__Aim of the exercise__.
Reproduce exactly the line with "Mutlu Çin Yeni" and every line that follows it below, up to and including the last one. Do not include pictures or anything else.

··· Exercise input ···

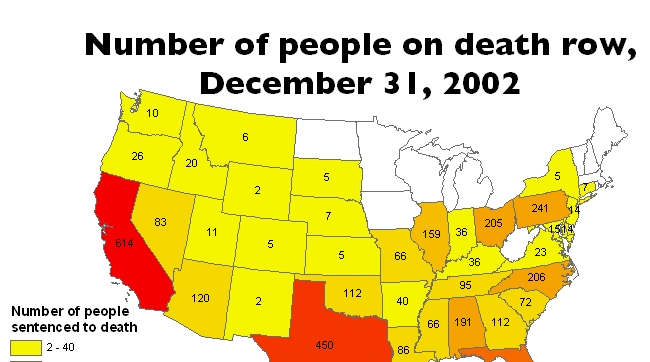 Number of people on death row per state 2002 Prison Policy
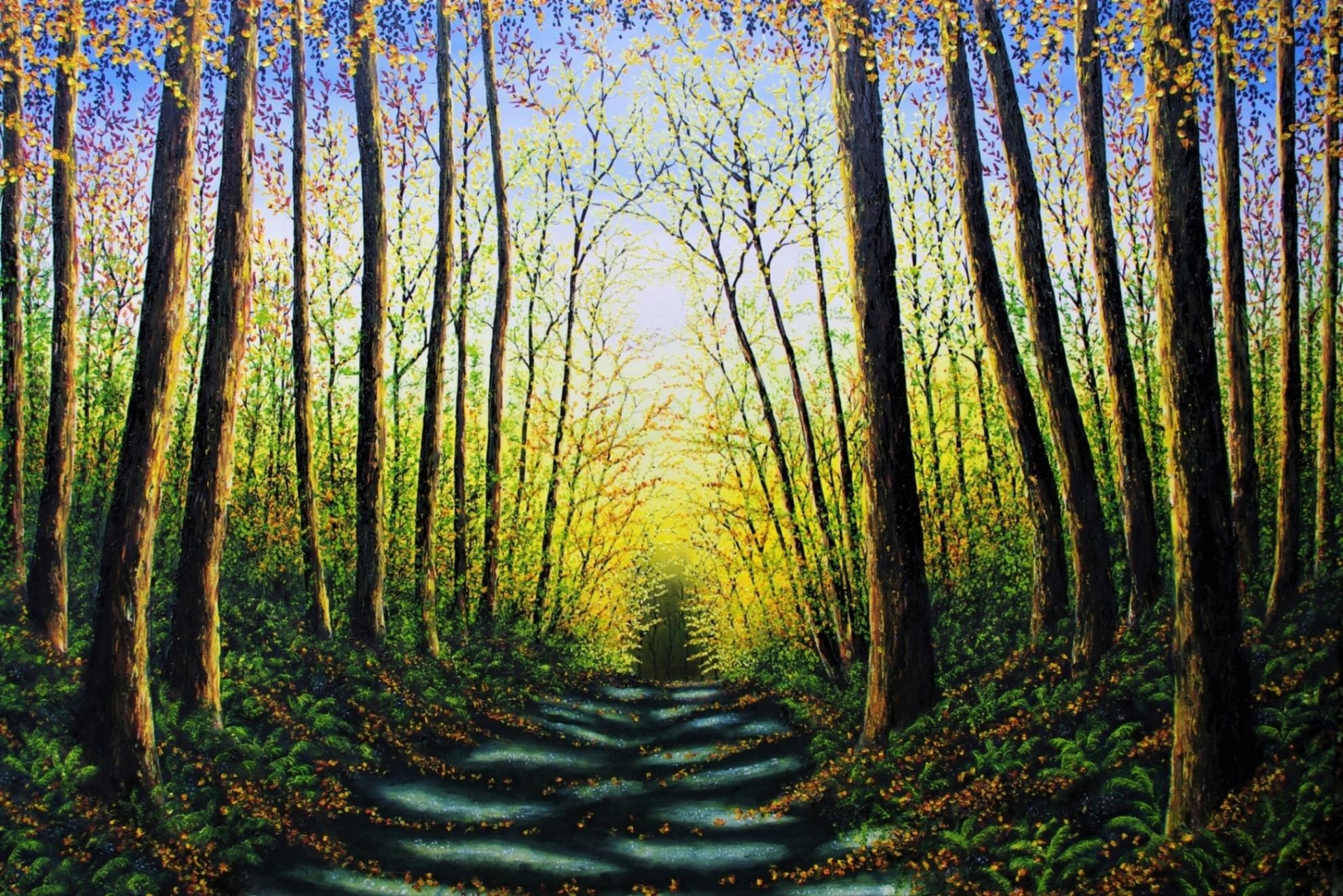 Hazel Thomson Landscape Painting – Patterns of Forest - Original britische Landschaft Ölgemälde - zeitgenössische Kunst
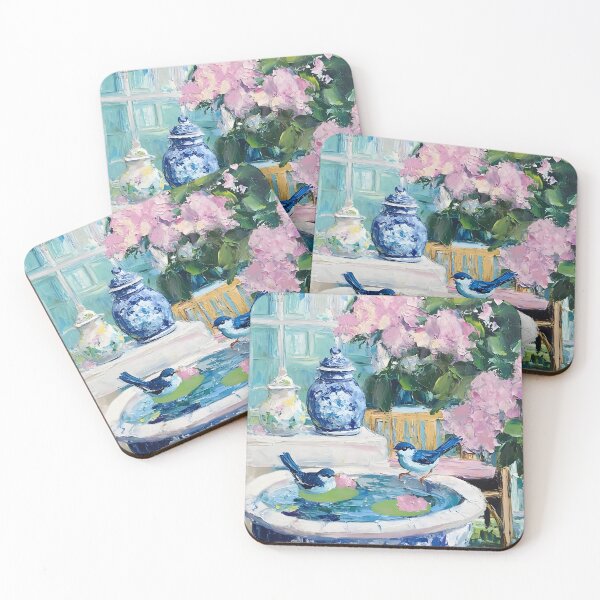 Item preview, Grandmillennial art, Blue birds in hydrangea garden designed and sold by SophieClimaArt.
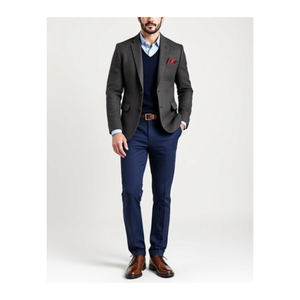 2025 New Fashion Men's <b>Suit</b> High-Design V-Neck OEM/ODM Service Hot Selling 3-Piece for Wholesale Plus Size Worsted 100% Wool - Product Image 1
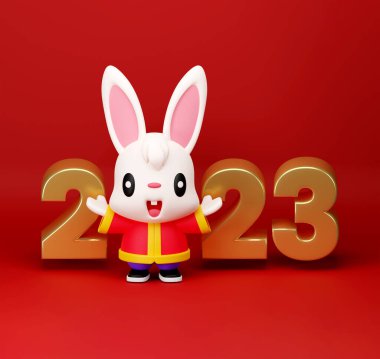 Mutlu Çin Yeni Yılı 2023. Kırmızı arka planda altın rengi 2023 yazılı üç boyutlu sevimli tavşan çizimi. Tavşan yılı.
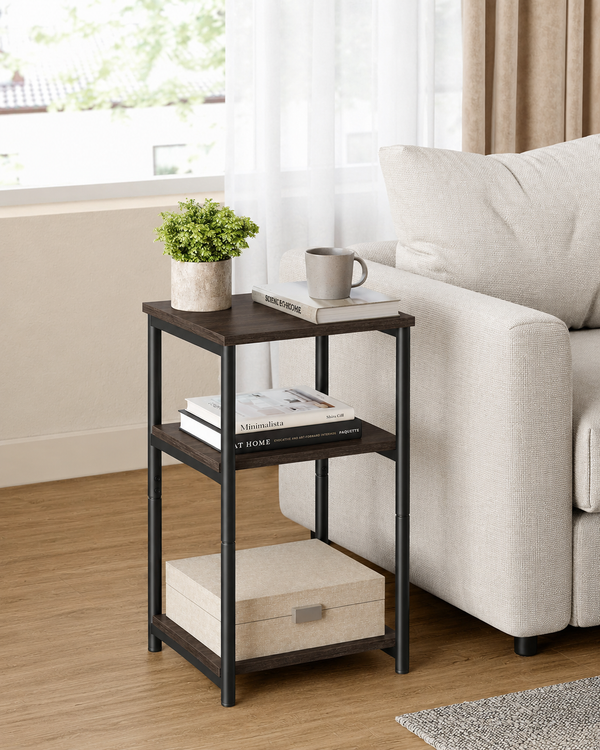 Tall Side Table in Chestnut Brown & Black - Karrari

···

__Response below__.
 Mutlu Çin Yeni Yılı 2023. Kırmızı arka planda altın rengi 2023 yazılı üç boyutlu sevimli tavşan çizimi. Tavşan yılı.
 Tall Side Table in Chestnut Brown & Black - Karrari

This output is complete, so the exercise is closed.